John Perez, a cousin of L.A. Mayor Antonio Villaraigosa, is backed by the incumbent, Karen Bass. But Kevin De Leon refuses to throw in the towel.

December 03, 2009|By Eric Bailey and Shane Goldmacher
  • Assemblyman Kevin De Leon (D-Los Angeles) has been campaigning for the speaker post since spring and long had been considered the front-runner.
Assemblyman Kevin De Leon (D-Los Angeles) has been campaigning for the… (Los Angeles Times )

Reporting from Sacramento — The state Assembly soon could have a new top leader, or at least an heir apparent, as a testy battle to replace Speaker Karen Bass comes to a head a year before her term ends.

A freshman Democrat from Los Angeles has edged ahead in the sweepstakes to succeed Bass (D-Los Angeles), who has presided over a year and a half of budgetary turmoil -- and she has thrown him her support.

Assemblyman John Perez, a cousin of Mayor Antonio Villaraigosa who is heading into just his second season in Sacramento, could make history by becoming the first openly gay Assembly leader.

Perez declined to comment Wednesday, but Bass declared at an afternoon news conference that she was confident Perez had the support to be named her successor next week and take full control of the Assembly after an on-the-job transition early next year.

But his main rival for the job, Assemblyman Kevin De Leon (D-Los Angeles), refuses to throw in the towel.

De Leon declined to comment, but several of his supporters said Bass and Perez were declaring victory before the votes were counted in the 80-member house.

"It's not a done deal," said Assemblyman Edward Hernandez (D-West Covina), a De Leon backer. "There's been no . . . vote taken.

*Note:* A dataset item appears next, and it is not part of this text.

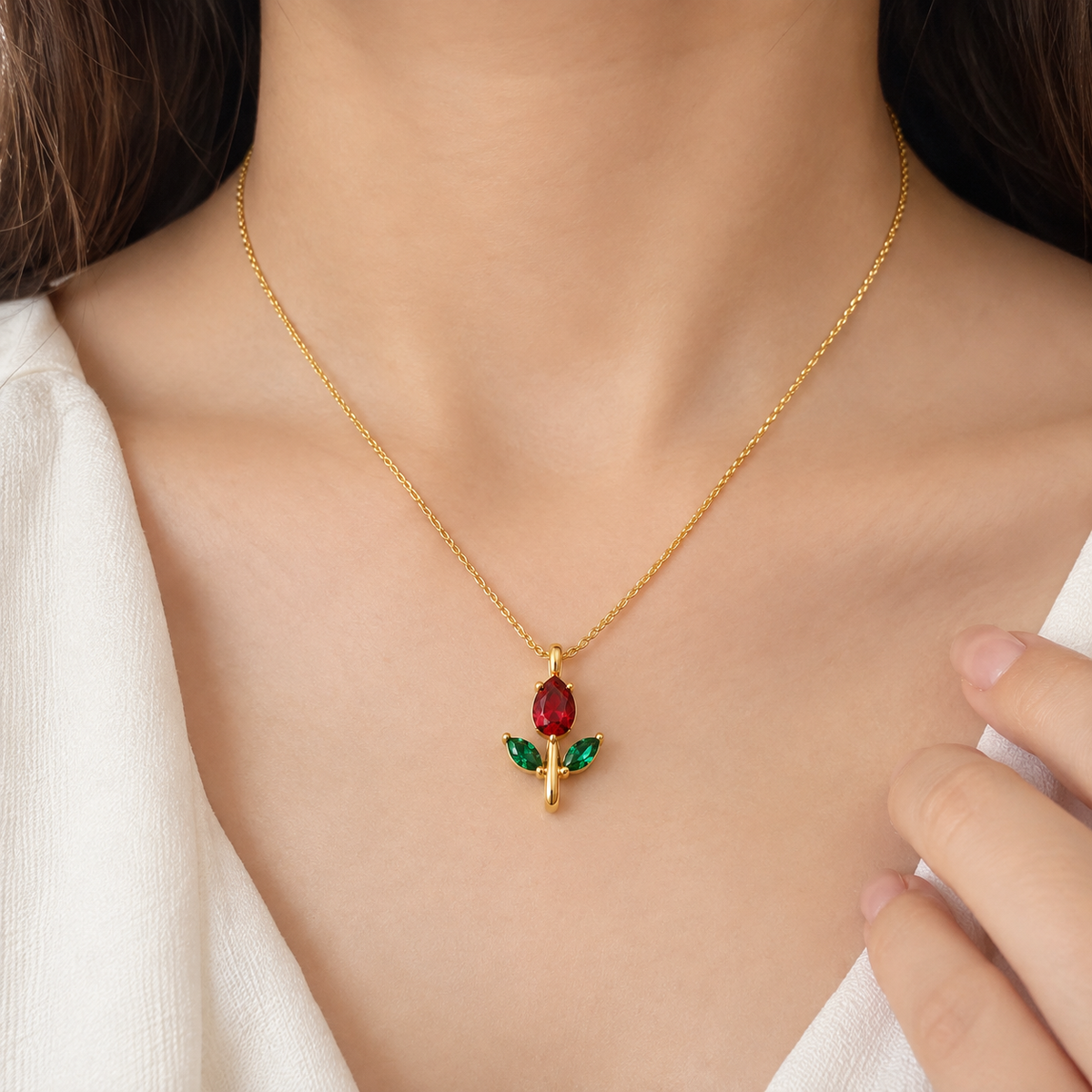 Red & Green Floral Pendant Necklace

It's going to be tough to get to 41."

Even some lawmakers still on the sidelines expressed concern about jumping the gun.

"Call me old-fashioned, but I believe in representative and participatory democracy," said Assemblywoman Mariko Yamada (D-Davis). "It sounds like the votes have been counted before they've been cast."

In the streets of Sacramento, however, Perez was acting like a man who had won the lottery. Leaving a union event at a hotel near the Capitol, he smiled, shook hands with and thanked passersby who congratulated him on winning the speakership.

He immediately won an endorsement from Art Pulaski, the California Labor Federation's executive secretary-treasurer, who called Bass' statement "welcome news to California families."

If Perez prevails, it would mark a come-from-behind victory over De Leon, who has been campaigning for the post since spring and had been considered the front-runner.

A Perez win also would be a victory for Bass, who has held the Assembly's top post for less than two years. Perez was willing to let her keep the top spot well into next year, whereas De Leon was pushing to become speaker immediately.

As De Leon appeared to be gaining ground over the last few weeks, applying intense pressure on colleagues to back his candidacy, Bass threw her support behind Perez. In recent days, she has been working aggressively to secure the spot for him.

Perez, a former union organizer who was elected to the Assembly in 2008, could become speaker little more than a year after he was sworn into office. Even with the Assembly's strict six-year term limit, Perez's ascent would mean he could hold the post for up to five years -- a political lifetime in modern Sacramento.

Assemblywoman Fiona Ma, a San Francisco Democrat who backed Perez, said his potential longevity was a "huge selling point" for his candidacy.

"Someone who is going to be here for the next five years is great for stability and for the institution," Ma said.

The freshman lawmaker would have a key seat at the negotiating table as California tackles a deficit now projected to be about $21 billion by the middle of next year. He would have to navigate the state Capitol's hyper-partisan waters, Democrats frustrated by budget cuts, and an electorate that holds the Legislature in record-low esteem.

Since term limits went into effect in 1990, only one speaker, Fabian Nuñez, has served more than a single term as Assembly speaker. Nuñez served for four years, until Bass replaced him in May 2008. The speaker's gavel has been in the grip of a Los Angeles Democrat for more than a decade, dating to then-Assemblyman Villaraigosa's selection in 1998. Perez would be the sixth straight speaker from Los Angeles.